Maby dispise was the wrong word. i know that they rewarded men for there good deeds in later times (e.g raiseing of Numenor) but when they awoke no1 sought them out, no1 looked to help them and no1 tried to steer them away from the evil that Melkor emmited. This may be because they were busy with the elvs, but it just bugs me that no1 except the dark vala (morgoth) sought after them.


----------



## Alcuin (Feb 6, 2011)

I think I remember reading that the Valar eventually came to the opinion that removing the Eldar from Middle-earth to Valinor, at least as soon as they did, was not the best course of action. Whether that was Tolkien’s “last” opinion on the matter is unclear, nor do I recall in which text I saw it, nor can I remember its context: so it’s a shaky citation; but it’s one that’s been with me for many years.

The Valar were aware also that Men would be physically far weaker than Elves, and less resilient to any attempt on their part to dislodge Morgoth from his fastnesses in Middle-earth, so they let him be, lest they destroy the Second Kindred in the tumult of capturing him again. (Beleriand was destroyed and sank beneath the sea in the fifty year-long War of Wrath.) 

_Welcome to TTF, *Thalion*._


----------



## Maiden_of Harad (Jul 28, 2013)

Mimzy said:


> I think they cared for them, they just didn't feel it was their place to do much with them. Except for Ulmo, he loved men.



And because of that I like Ulmo the best out of all the Valar .

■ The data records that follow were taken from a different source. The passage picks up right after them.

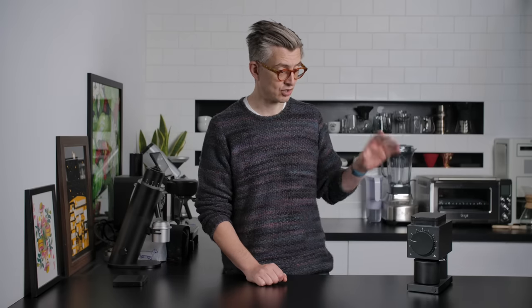Let's get started. Today, we're gonna look at this. It is probably the most hyped product of 2020 when it comes to coffee at home. It is a grinder by a company called Fellow, and it is called The Ode.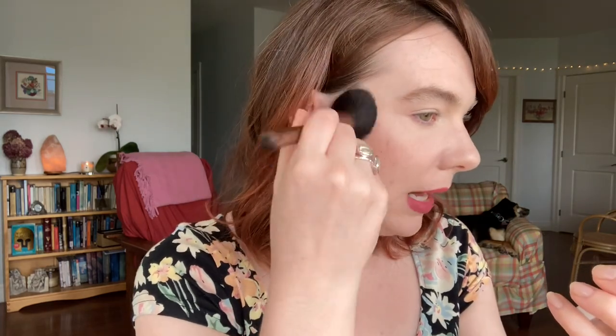Let's get right into putting the bronzer on. Here is what the shade Light looks like — this is the lightest shade. I'm using my Wayne Goss Large Artist Brush for this, and my foundation is set lightly with the Kosas Cloud Set Powder today. I just wanted to give this its best opportunity to go on really smoothly. I think it's going on really nicely — it's a very light, buildable application, at least with this really soft squirrel hair brush.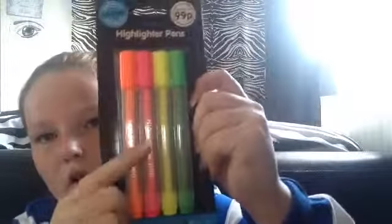I got these highlighters — orange, pink, yellow, and green. Coloring pencils, and last but not least, normal writing pencils. I got these from The Works — cost 99p. The highlighters from The Works, 99p. The coloring pencils from The Works, 99p. And the writing pencils from The Works, 99p.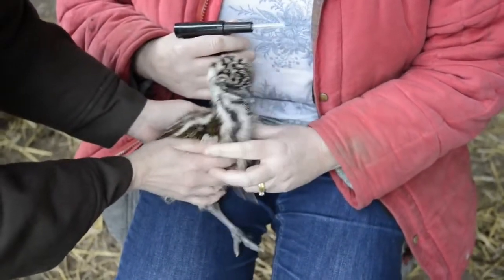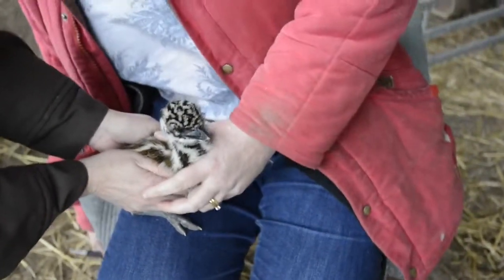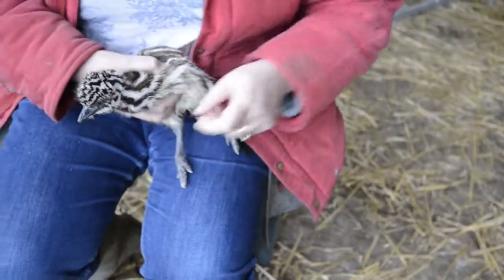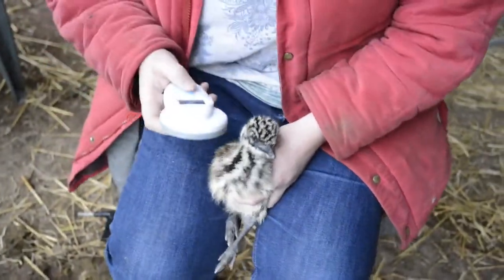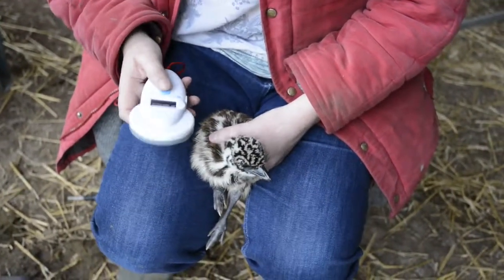One happy chick with a microchip inserted. We can put him or her down on the floor and let him go and find Dad — but let's just check the chip is in place first. And that proves the chip is actually working after being inserted. That's wonderful.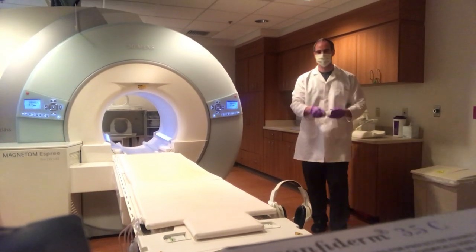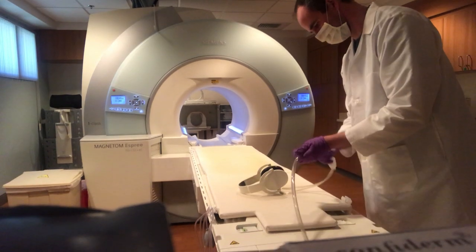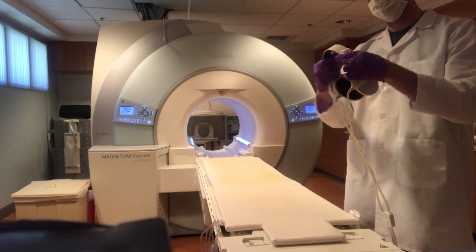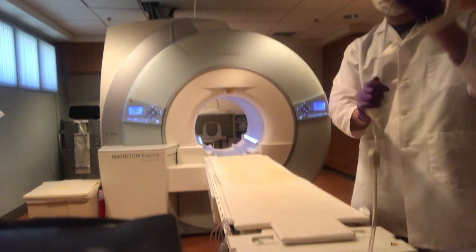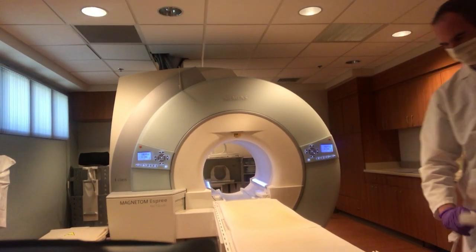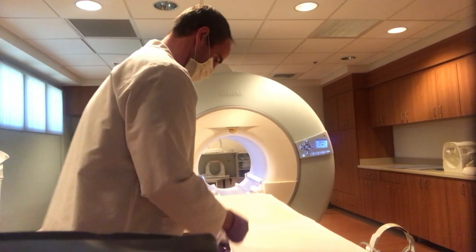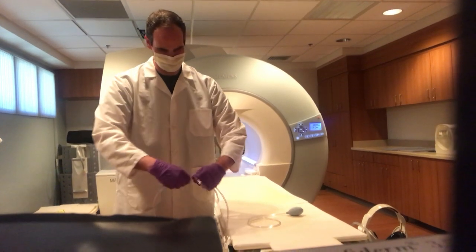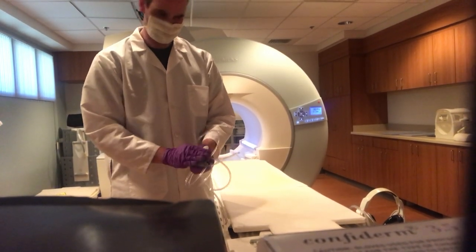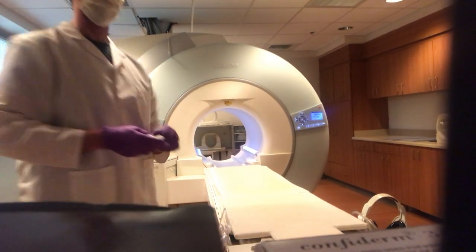At this time we're going to do the headphones and then the emergency call ball. While those are drying, we want to make sure that the cords to the headphones and the emergency call ball don't touch the floor — we have little clips here that we just rest everything on so it doesn't hang.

I knew that I couldn't have been the only one irked by how the Valar treated men, but I think that the above quote is the perfect explination for why they were 'indifferent' to men.


----------



## Sulimo (Nov 25, 2013)

I think it also deals with the fates of men compared to the fates of Elves. From creation, and the music of the Ainur, Illuvatar separated the fates of the Eldar and men. The fates of men were not revealed to the Valar. However, they knew that Illuvatar was at work with them, and he had plans for them. They intervened with the Eldar because they knew that their fates were intertwined, and ultimately all Elves will be in either Mandos or Valinor. Men's fate is completely separate, and it appears that their souls actually leave Arda, and join Illuvatar. That is part of why I think that the Valar did not intervene or interact much with man.


----------